Saved entries:
========
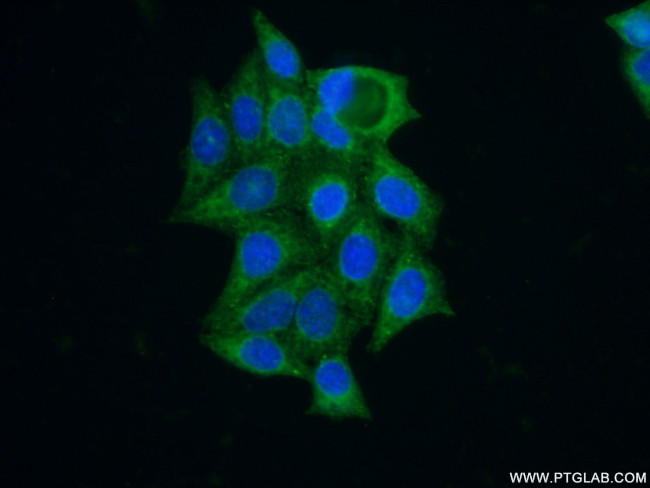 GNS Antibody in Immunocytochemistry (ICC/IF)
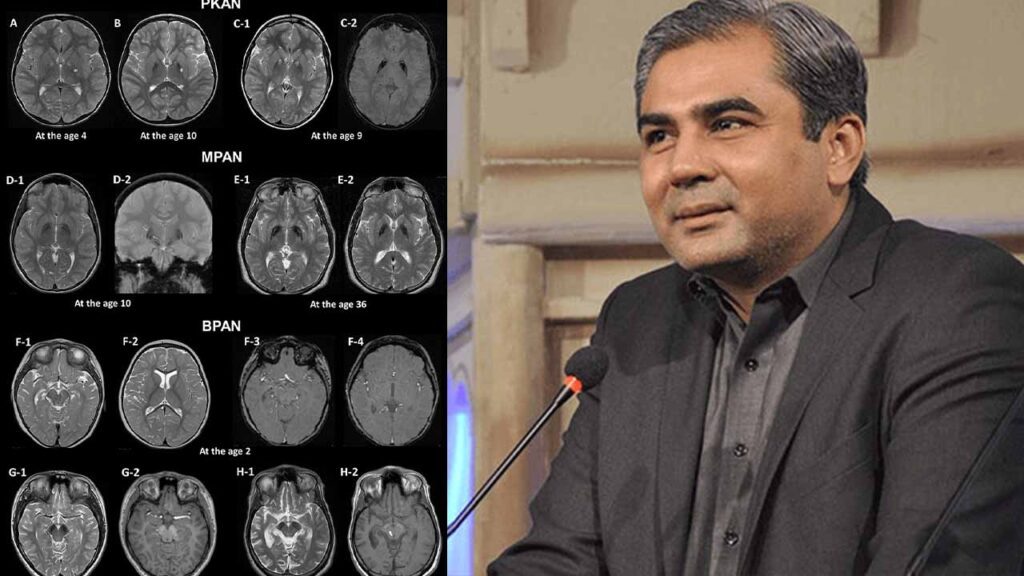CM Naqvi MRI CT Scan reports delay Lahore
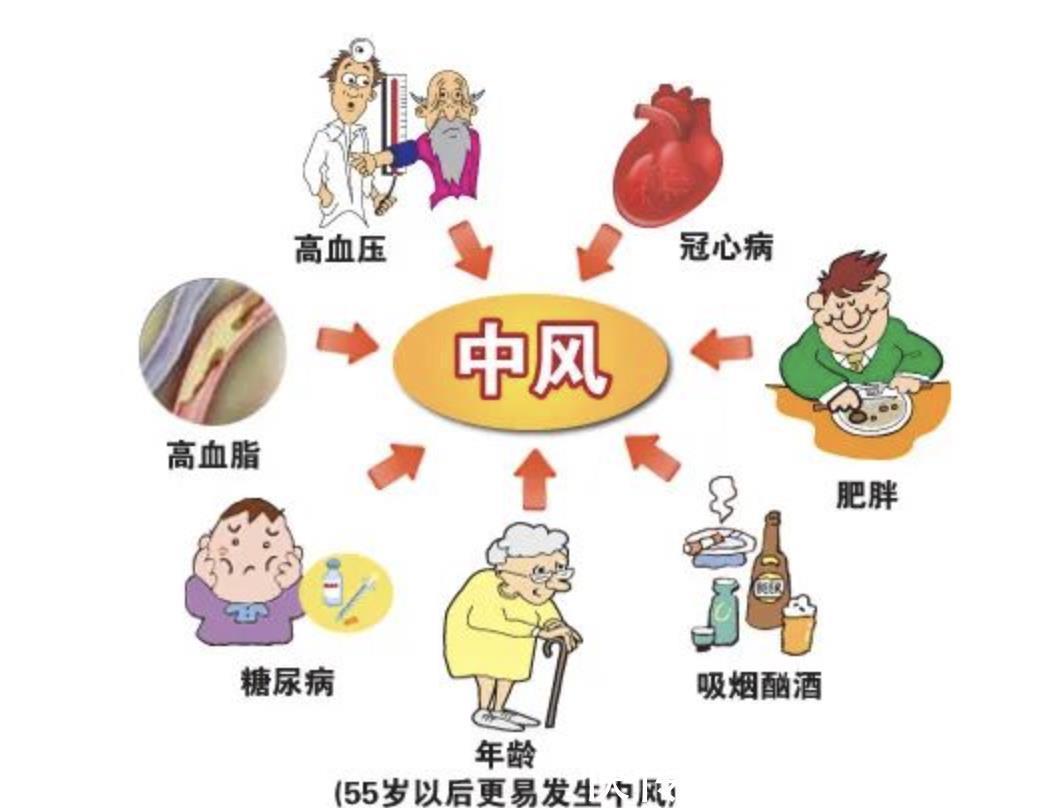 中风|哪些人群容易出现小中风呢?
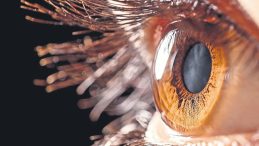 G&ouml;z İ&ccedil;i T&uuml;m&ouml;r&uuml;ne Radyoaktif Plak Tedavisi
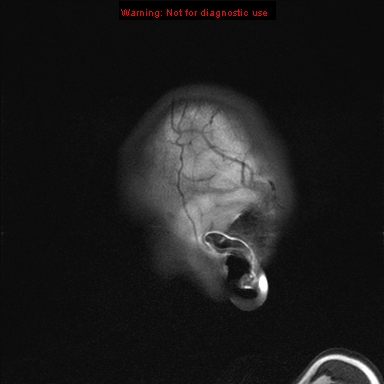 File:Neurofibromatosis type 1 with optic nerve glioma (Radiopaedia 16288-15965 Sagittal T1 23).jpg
========
#### Task to complete:
Print every record above exactly, but no pictures.

#### Exercise answer:
 GNS Antibody in Immunocytochemistry (ICC/IF)
CM Naqvi MRI CT Scan reports delay Lahore
 中风|哪些人群容易出现小中风呢?
 G&ouml;z İ&ccedil;i T&uuml;m&ouml;r&uuml;ne Radyoaktif Plak Tedavisi
 File:Neurofibromatosis type 1 with optic nerve glioma (Radiopaedia 16288-15965 Sagittal T1 23).jpg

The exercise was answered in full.